When you learn how to play an instrument, do you focus on what you shouldn’t do or what you’re doing correctly? Probably the latter.

Still, we love hearing stories about famous people who failed many times and never gave up their dreams. Have their failures made them stronger? Yes. Have they learned the most from them? No. They’ve learned from their success, which brings us to the next point.

Success Is the Best Teacher

If you were a business owner, who would you rather fire? An employee who makes many mistakes, or the one who completes all their tasks? According to the “failure is the best teacher” rule, you should do everything you can to keep the first one. Not very logical, is it?

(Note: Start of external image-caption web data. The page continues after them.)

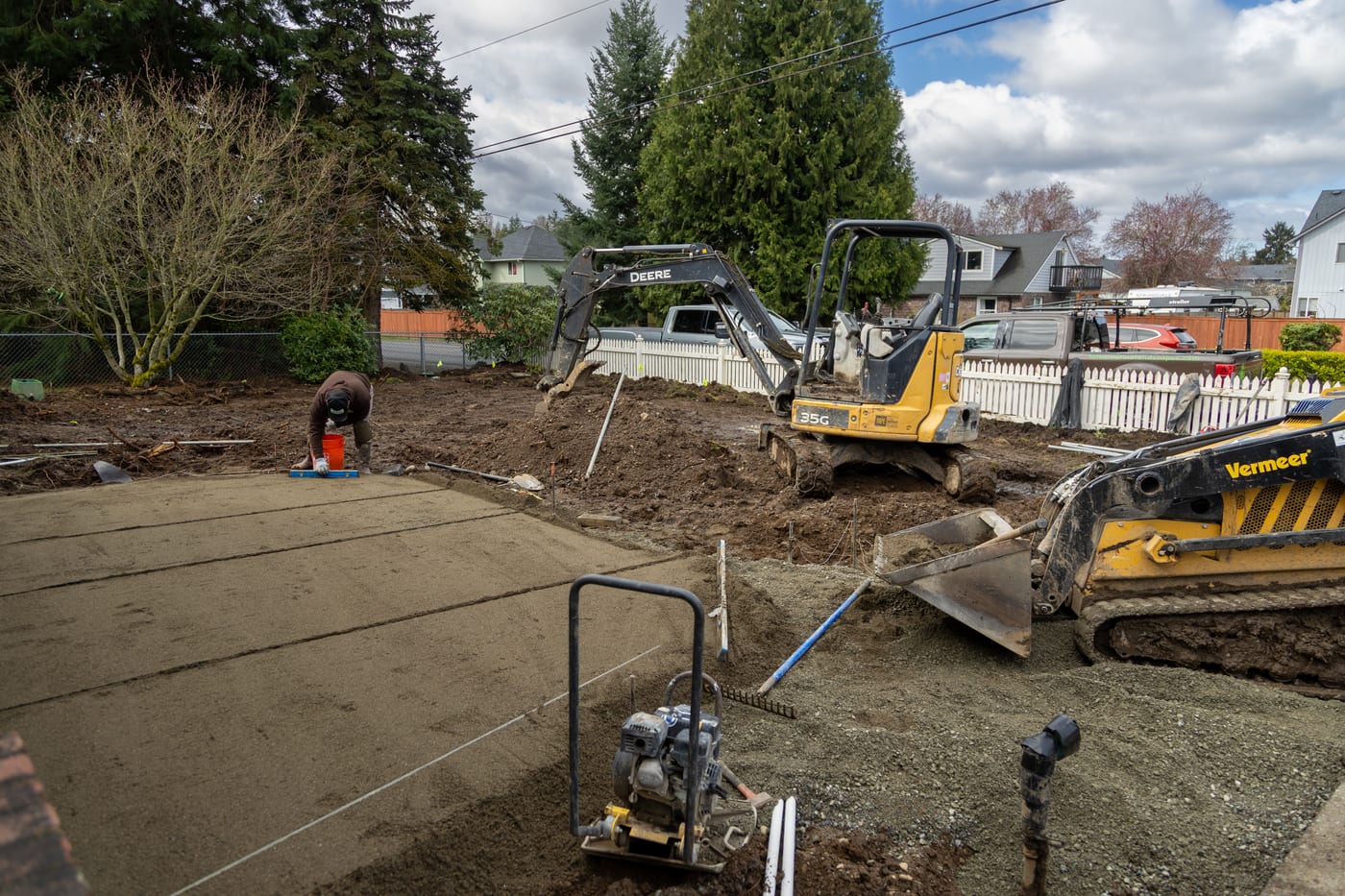 Compacting the gravel base for the new paver driveway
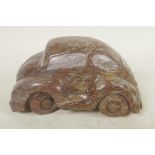 A carved cobalt stone artwork in the form of a Volkswagen Beetle, 7½" long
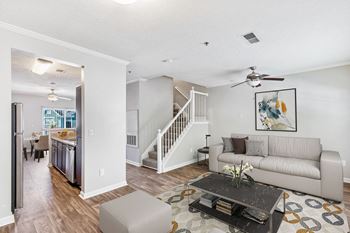 One K Apartments in Atlanta, GA photo of a living room with a couch and a table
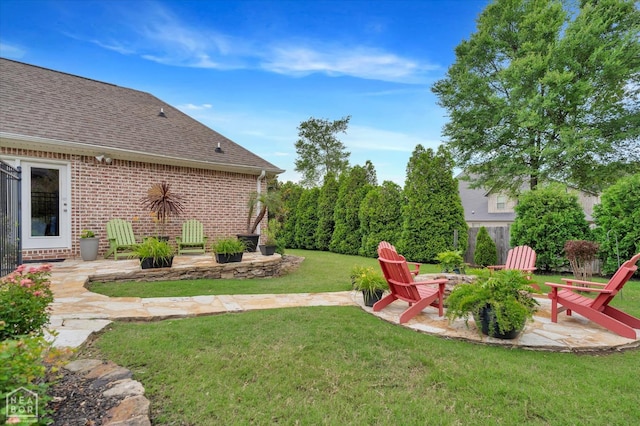 4260 Weldon Cv, Jonesboro, AR 72404 - view of grassy yard featuring a patio area and a fire pit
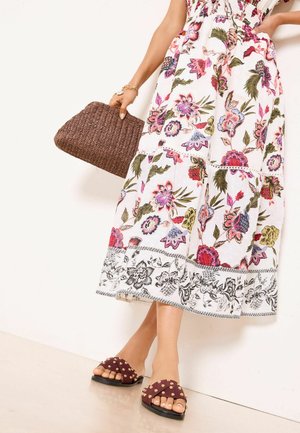 Kobieta w białej sukience midi w kwiatowy wzór, trzymająca teksturowaną brązową kopertówkę i nosząca bordowe klapki z ćwiekami.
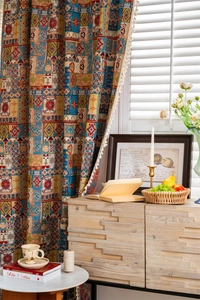 Detail of bohemian geometric pattern curtain with white pom-pom fringe and tassels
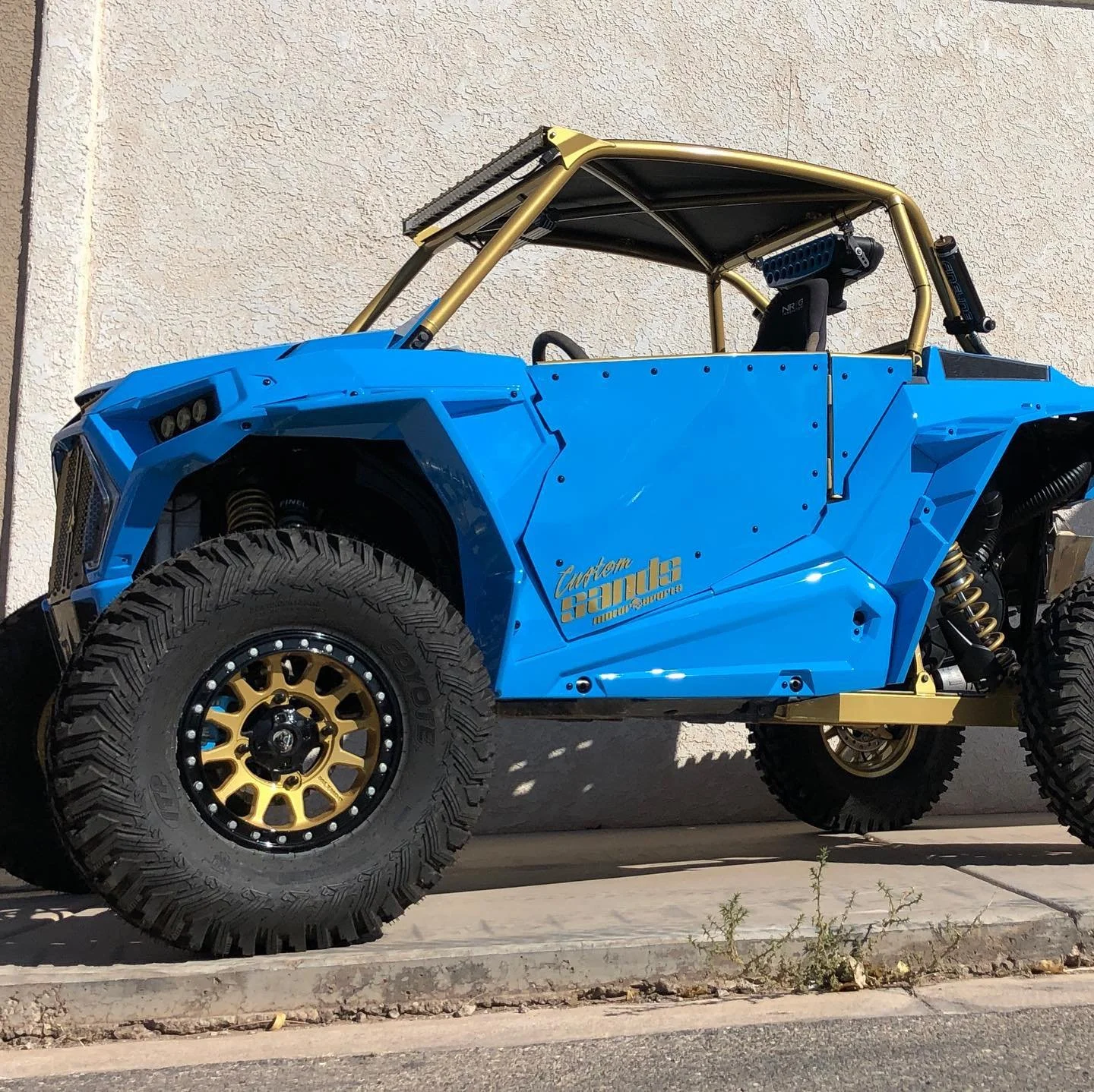 Blue off-road vehicle with large tires, gold wheels, and a gold roll cage parked against a beige wall.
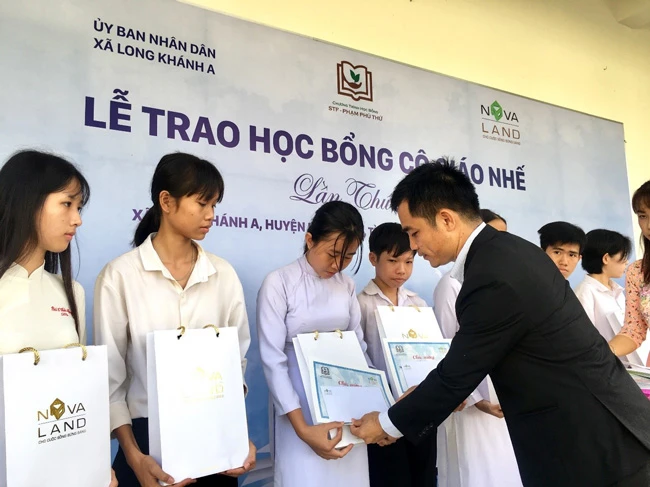 Đại diện Tập đoàn Novaland trao học bổng cho các em học sinh có hoàn cảnh khó khăn xã Long Khánh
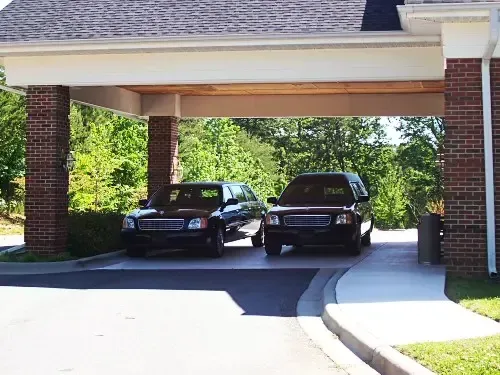 two cars are parked under a brick building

It may be a slight exaggeration, but you get the point. If you want to be successful, you have to focus on what you’re doing right and how you can make it even better. Success teaches what you should do, which, as mentioned before, is entirely different from learning what you shouldn’t do.

Do you think that Quentin Tarantino would’ve ever become the director he is now if he’d focused merely on his mistakes? No. He notices what works in his movies and improves it to make it overshine any potential error.

That’s why, rather than thinking about what didn’t work, next time you do something, focus on finding out what and why something went right.

Analyze how you can repeat, or even improve something. Doing that will allow you to set new goals and not wallow on the ones that failed.

The Bottom Line

Both mistakes and successes can teach you a valuable lesson. Which one is better for personal growth, though? Most people believe that failure, but now you know that they couldn’t be more wrong.

Failure is overrated, and it only teaches what you shouldn’t do, whereas it’s far better to learn what you ought to do.

If you want to succeed, you need to analyze the things that work and see how you can improve them, rather than focus on your failures and avoid making them again. Indeed, stories of failure and success are heart-warming, but they don’t have much in common with reality.

Learning through mistakes is a beautiful illusion created to warn us that we will fail at some point in our lives. But it’s the success that teaches us the most, allowing us to grow.